I understand there is an opt-out. My post on daggle.com goes into great depth
about that. However, I don't think that's the way Google should operate.

Google just assumed that it was OK to reprint material through its cached
pages; many have felt that was presumptuous. So far, they've been OK with it
-- but it remains something that colors them as evil in some quarters.
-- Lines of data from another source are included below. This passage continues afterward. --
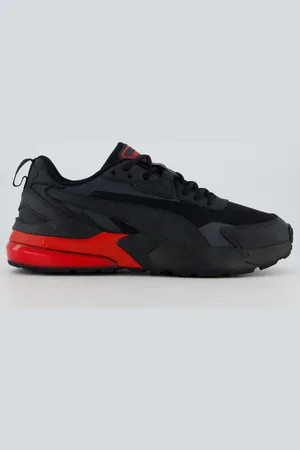 PUMA Tênis Vis2k BDP e Vermelho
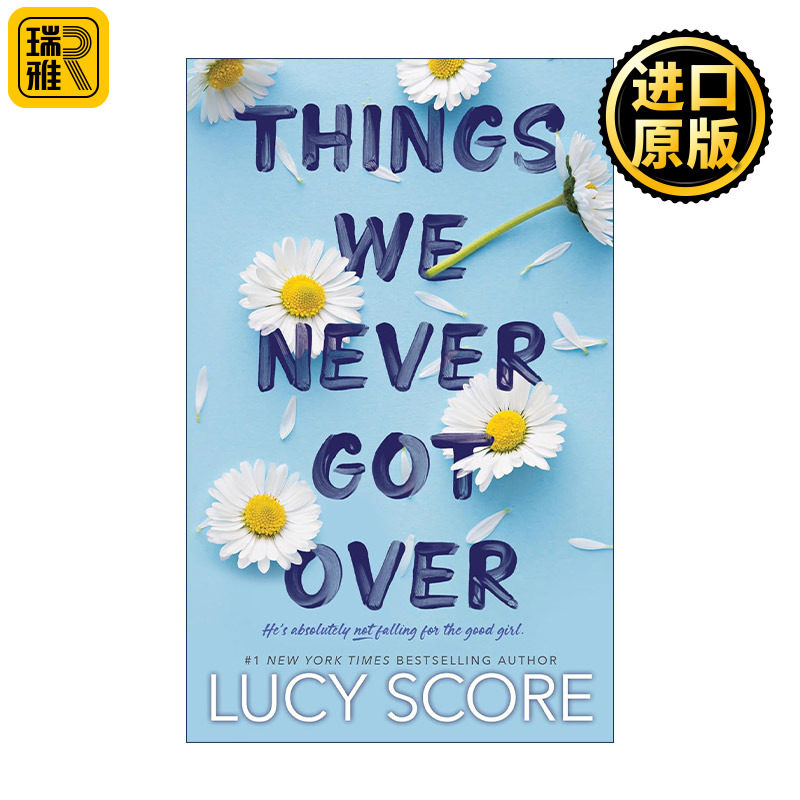 英文原版 Things We Never Got Over Knockemout 01 我们从未忘记的事情 北美晋江爱情小说 Lucy Score 英文版 进口英语原版书籍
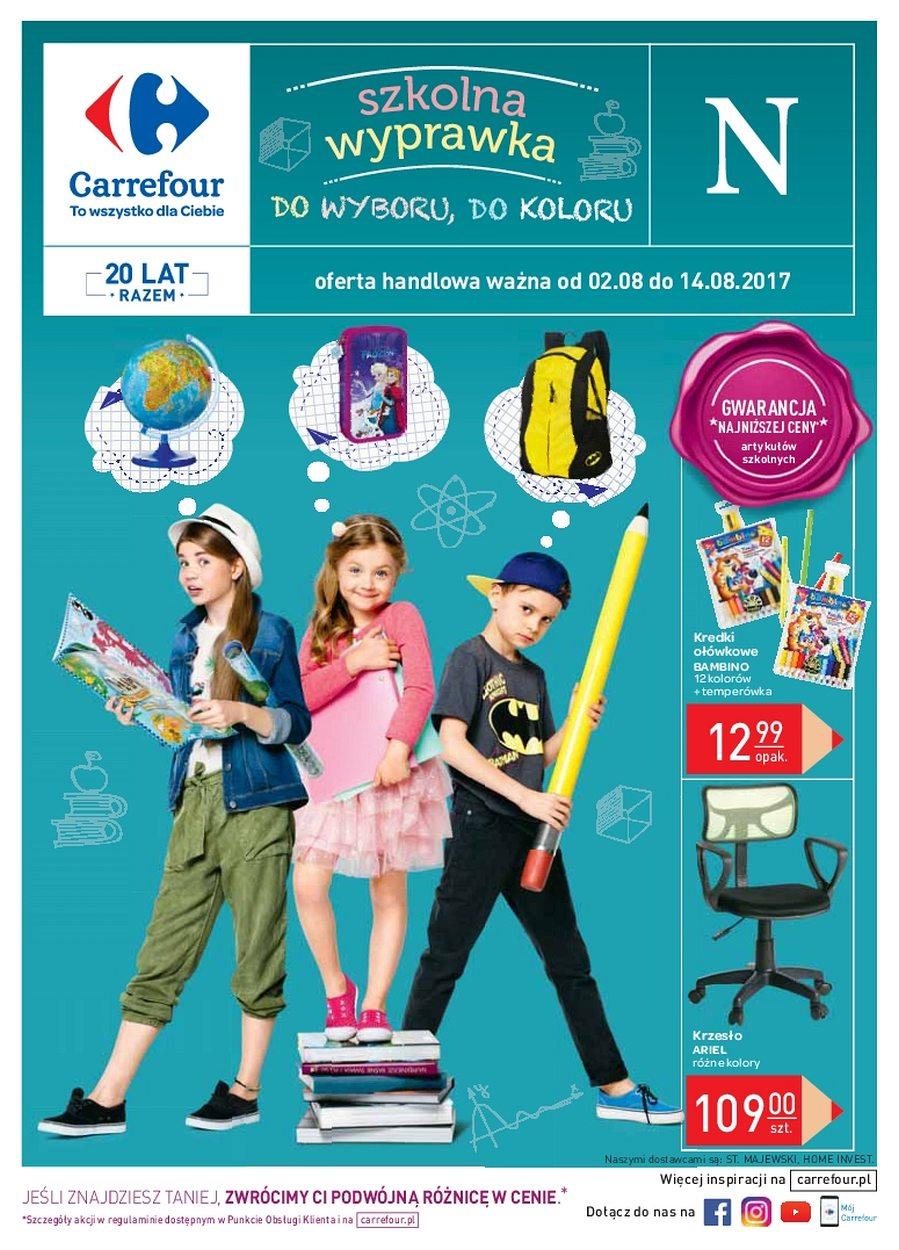 Gazetka promocyjna Carrefour str. 1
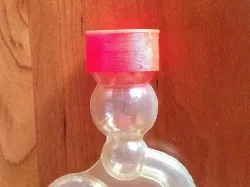 Bubbler Airlock Cap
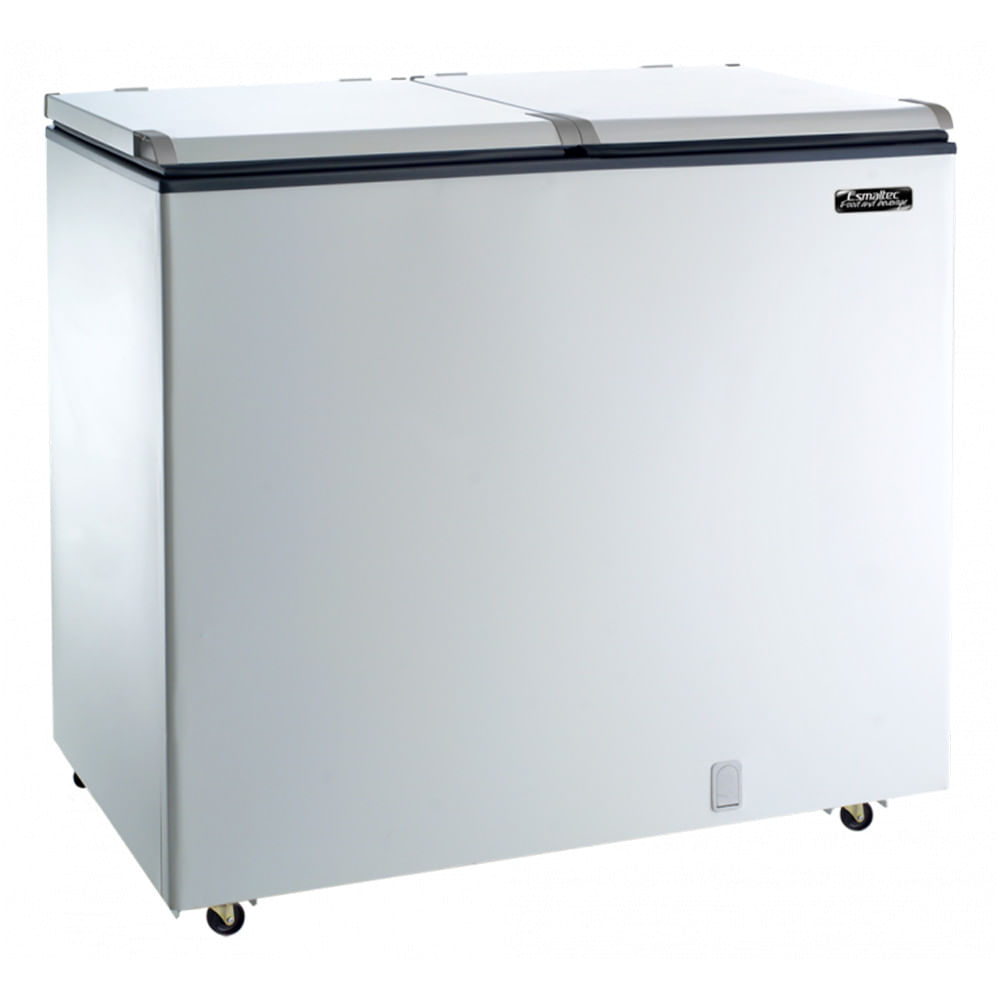 Freezer Horizontal Esmaltec Ech350 Cib 325 Litros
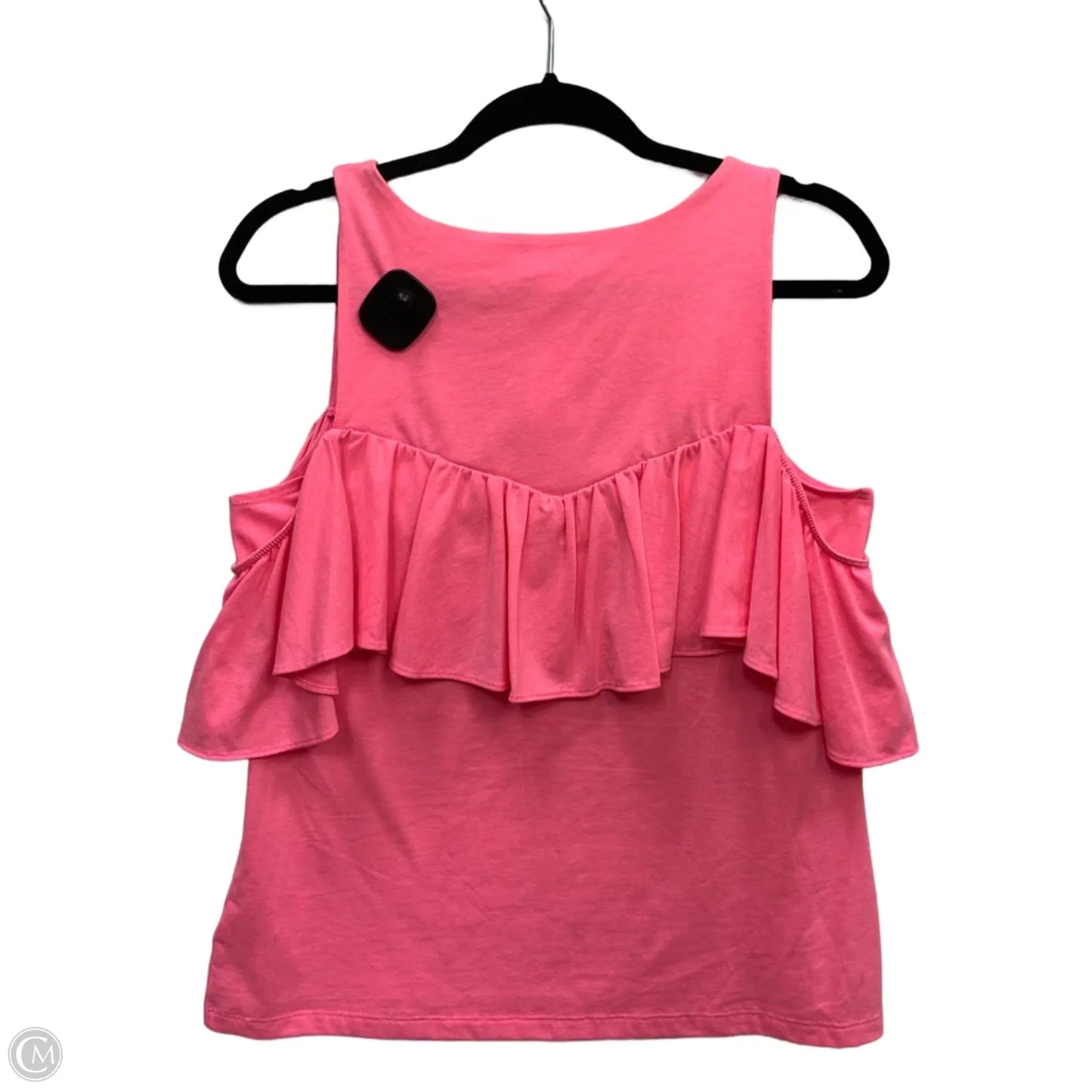 Top Short Sleeve Designer By Lilly Pulitzer In Pink, Size: S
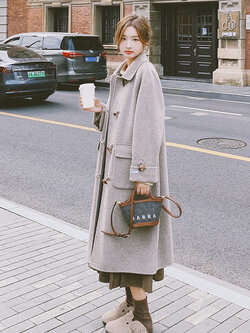 เสื้อโค้ท เสื้อโค้ทกันหนาว เสื้อโค้ทผ้าขนสัตว์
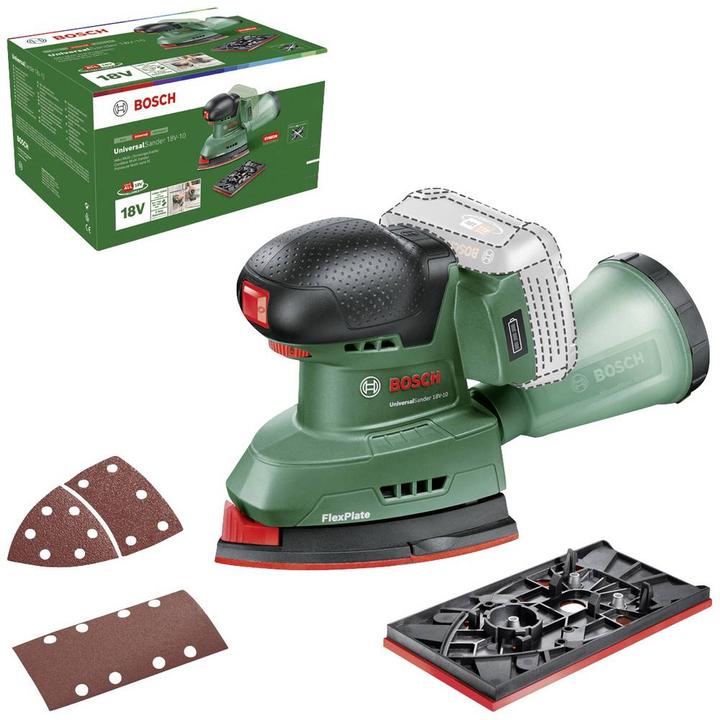 Immagine prodotto Bosch Home & Garden UniversalSander 18V-10 (Smerigliatrice a delta)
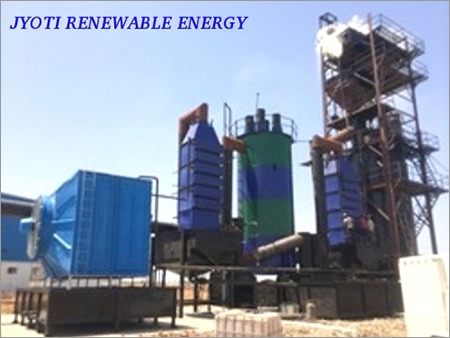 Gasifier System Air Consumption: Depend On Model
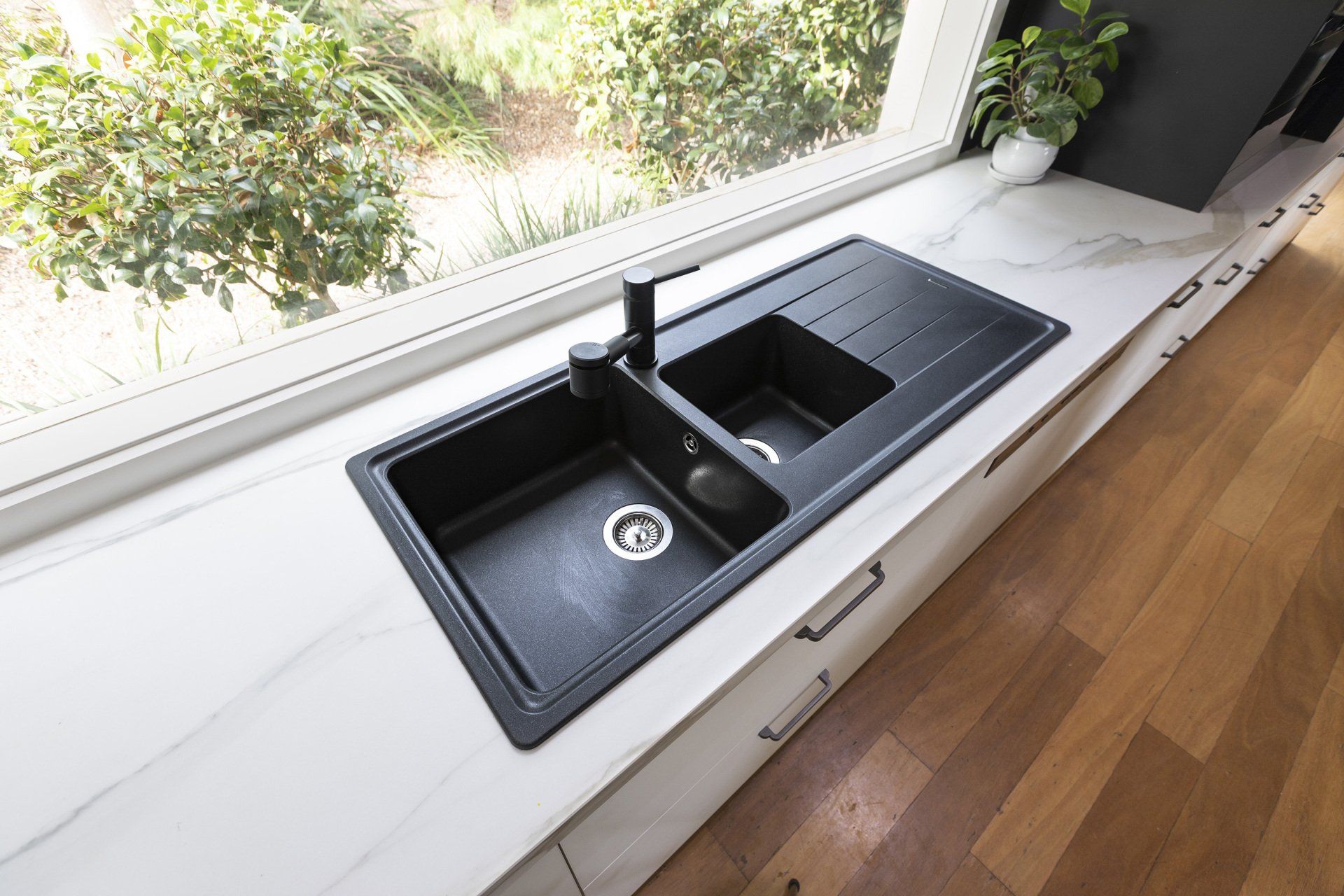 Quartz Sink Onyx 3 — Kitchen Flat Packs In Berrimah, NT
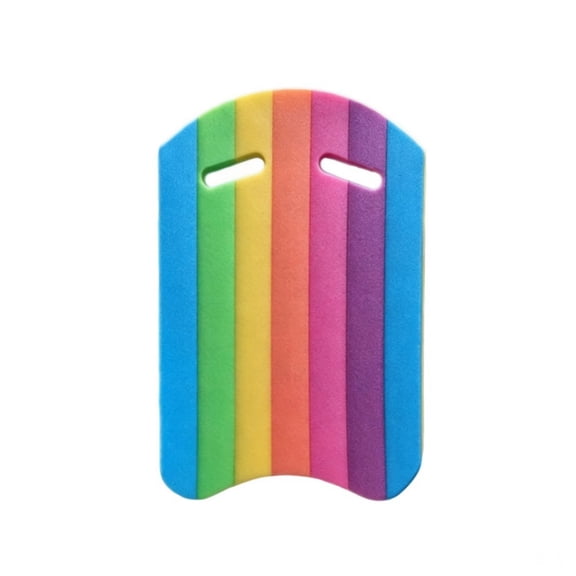 Tdxkok EPE Foam Swim Kickboard,Rainbow Color Floating Swim Training Board for Ki-ds and Adults,Thick Non Slip Pool Float Aid for Swimming Lessons and Water Exercise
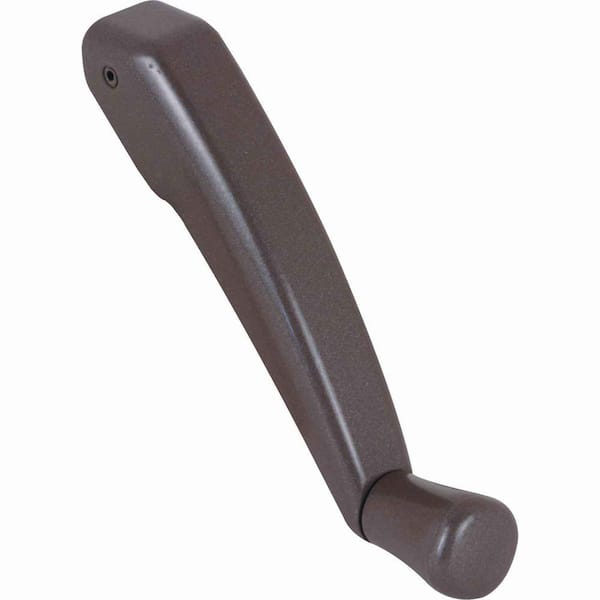 Folding Crank Handle, Low Profile, Fits Truth Operators, Bronze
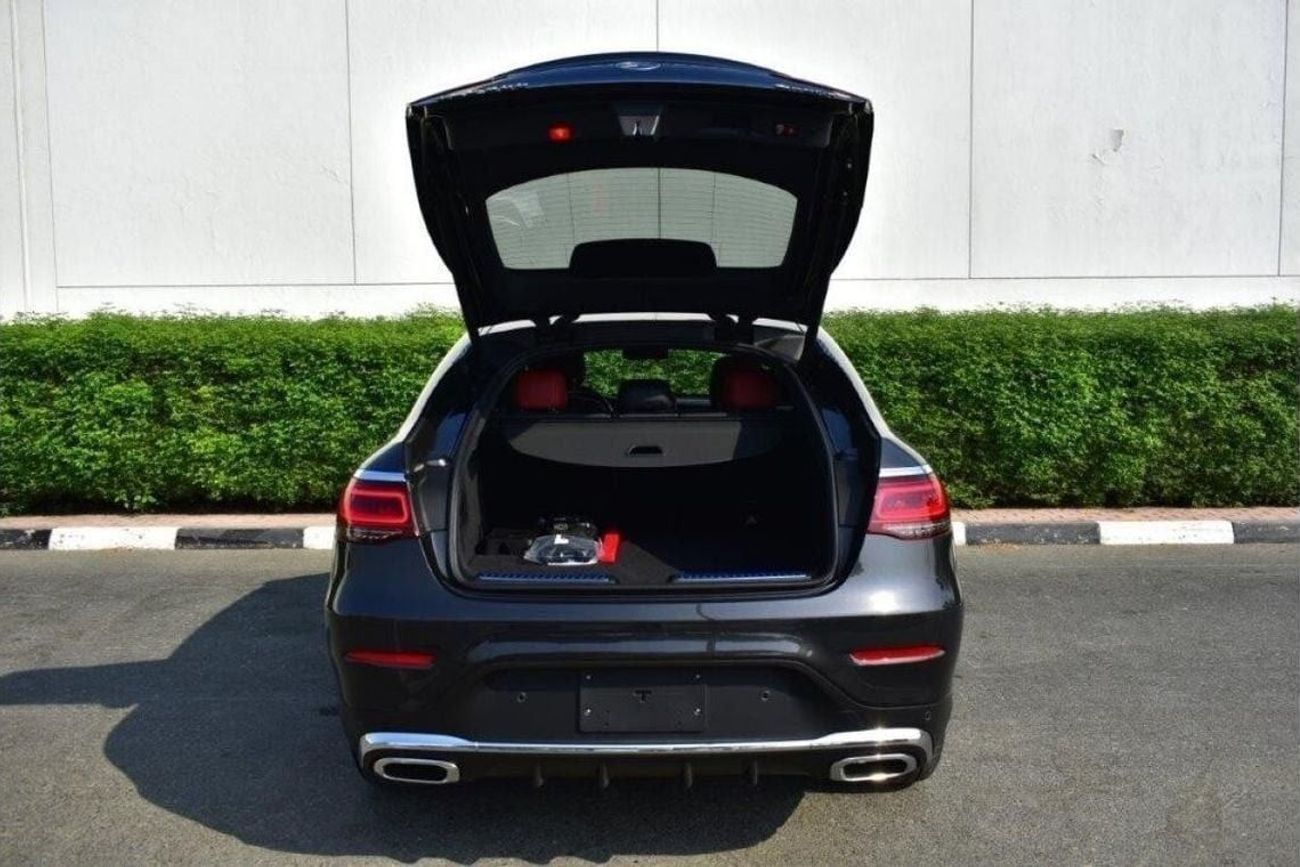 Mercedes-Benz GLC 300 4Matic Coupe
I get you don't agree with that, but others do view it that way. And it sure
jumped out to bite Google when it levied allegations that Bing was copying
Google.

------
Groxx
> _Google still does plenty of testing. And we still get messages from people
> who wonder if they’ve been hit by malware. But it feels like this is
> happening less. Ideally, the company would regularly advise people of when a
> test is underway._

Have they not heard of "New Coke"? Constant, minor flux is accepted much more
readily than periods of non-change followed by a big change.

------
chris_j
#16 Blogger Being Free

The author suggests charging a token amount (eg $1) in order to discourage
junk. This would certainly have discouraged me from using my (Blogger) blog to
send pictures and news home to family and friends when I go travelling. Not
that paying a nominal fee would be a problem in itself. Rather, the
administrative overhead of making the payment would have driven me to
Wordpress or something else. The cost of making a small payment is not just
the value of the payment, it is the cost in terms of time of making the
payment and the time spent checking my credit card statement. I certainly
can't agree with this suggestion, especially when Blogger has so much
competition.

------
bluekeybox
Point #1 annoys me a lot. It would be possible to perform many interesting
analyses on your own (think Venn diagrams, association graphs on natural
language) if the numbers were accurate. But they are not.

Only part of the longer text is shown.